▶ [Task to carry out]
From the entries that follow, copy exactly the lines beginning at the line holding "Process of painting" and continuing through the line holding "FILE PHOTO - People".

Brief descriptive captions
_ _ _ _ _ _ _

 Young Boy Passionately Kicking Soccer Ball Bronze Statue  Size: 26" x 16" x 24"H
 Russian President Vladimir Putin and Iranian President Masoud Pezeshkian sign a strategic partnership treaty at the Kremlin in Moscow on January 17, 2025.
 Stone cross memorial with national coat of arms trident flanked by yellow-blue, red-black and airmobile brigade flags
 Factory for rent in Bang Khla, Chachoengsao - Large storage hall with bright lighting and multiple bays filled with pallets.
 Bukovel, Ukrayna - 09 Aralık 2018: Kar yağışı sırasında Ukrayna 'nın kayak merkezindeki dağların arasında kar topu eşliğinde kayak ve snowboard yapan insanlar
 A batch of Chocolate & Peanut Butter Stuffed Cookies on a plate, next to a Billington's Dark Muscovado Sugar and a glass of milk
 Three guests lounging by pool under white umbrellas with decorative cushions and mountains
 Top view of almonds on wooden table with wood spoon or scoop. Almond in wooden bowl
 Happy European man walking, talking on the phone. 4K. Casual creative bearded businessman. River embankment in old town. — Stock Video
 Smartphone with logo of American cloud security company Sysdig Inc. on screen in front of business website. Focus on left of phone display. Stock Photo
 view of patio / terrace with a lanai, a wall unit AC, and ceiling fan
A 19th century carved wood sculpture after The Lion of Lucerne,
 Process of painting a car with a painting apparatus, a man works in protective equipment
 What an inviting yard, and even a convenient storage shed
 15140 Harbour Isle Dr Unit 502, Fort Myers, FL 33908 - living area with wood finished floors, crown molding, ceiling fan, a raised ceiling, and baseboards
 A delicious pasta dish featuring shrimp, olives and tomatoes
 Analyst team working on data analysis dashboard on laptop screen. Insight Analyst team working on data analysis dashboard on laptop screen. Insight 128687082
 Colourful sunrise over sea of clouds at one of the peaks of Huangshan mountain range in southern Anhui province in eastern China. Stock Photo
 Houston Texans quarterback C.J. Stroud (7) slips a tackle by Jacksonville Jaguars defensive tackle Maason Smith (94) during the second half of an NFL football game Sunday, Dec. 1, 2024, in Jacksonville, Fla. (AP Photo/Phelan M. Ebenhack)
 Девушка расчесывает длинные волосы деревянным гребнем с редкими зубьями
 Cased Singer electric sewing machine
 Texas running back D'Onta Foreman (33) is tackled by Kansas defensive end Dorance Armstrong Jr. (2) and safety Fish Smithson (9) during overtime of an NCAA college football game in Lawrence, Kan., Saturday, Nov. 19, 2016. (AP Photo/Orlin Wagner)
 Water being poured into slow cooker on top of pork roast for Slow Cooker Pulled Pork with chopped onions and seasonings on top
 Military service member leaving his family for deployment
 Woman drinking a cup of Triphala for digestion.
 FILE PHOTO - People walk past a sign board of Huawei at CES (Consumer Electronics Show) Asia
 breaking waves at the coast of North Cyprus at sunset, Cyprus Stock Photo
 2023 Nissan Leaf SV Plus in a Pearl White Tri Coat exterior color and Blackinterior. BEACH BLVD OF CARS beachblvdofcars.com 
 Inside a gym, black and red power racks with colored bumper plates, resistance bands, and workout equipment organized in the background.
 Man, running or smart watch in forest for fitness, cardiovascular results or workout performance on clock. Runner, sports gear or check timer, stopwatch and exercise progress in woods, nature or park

_ _ _ _ _ _ _

▶ [Exercise answer]
 Process of painting a car with a painting apparatus, a man works in protective equipment
 What an inviting yard, and even a convenient storage shed
 15140 Harbour Isle Dr Unit 502, Fort Myers, FL 33908 - living area with wood finished floors, crown molding, ceiling fan, a raised ceiling, and baseboards
 A delicious pasta dish featuring shrimp, olives and tomatoes
 Analyst team working on data analysis dashboard on laptop screen. Insight Analyst team working on data analysis dashboard on laptop screen. Insight 128687082
 Colourful sunrise over sea of clouds at one of the peaks of Huangshan mountain range in southern Anhui province in eastern China. Stock Photo
 Houston Texans quarterback C.J. Stroud (7) slips a tackle by Jacksonville Jaguars defensive tackle Maason Smith (94) during the second half of an NFL football game Sunday, Dec. 1, 2024, in Jacksonville, Fla. (AP Photo/Phelan M. Ebenhack)
 Девушка расчесывает длинные волосы деревянным гребнем с редкими зубьями
 Cased Singer electric sewing machine
 Texas running back D'Onta Foreman (33) is tackled by Kansas defensive end Dorance Armstrong Jr. (2) and safety Fish Smithson (9) during overtime of an NCAA college football game in Lawrence, Kan., Saturday, Nov. 19, 2016. (AP Photo/Orlin Wagner)
 Water being poured into slow cooker on top of pork roast for Slow Cooker Pulled Pork with chopped onions and seasonings on top
 Military service member leaving his family for deployment
 Woman drinking a cup of Triphala for digestion.
 FILE PHOTO - People walk past a sign board of Huawei at CES (Consumer Electronics Show) Asia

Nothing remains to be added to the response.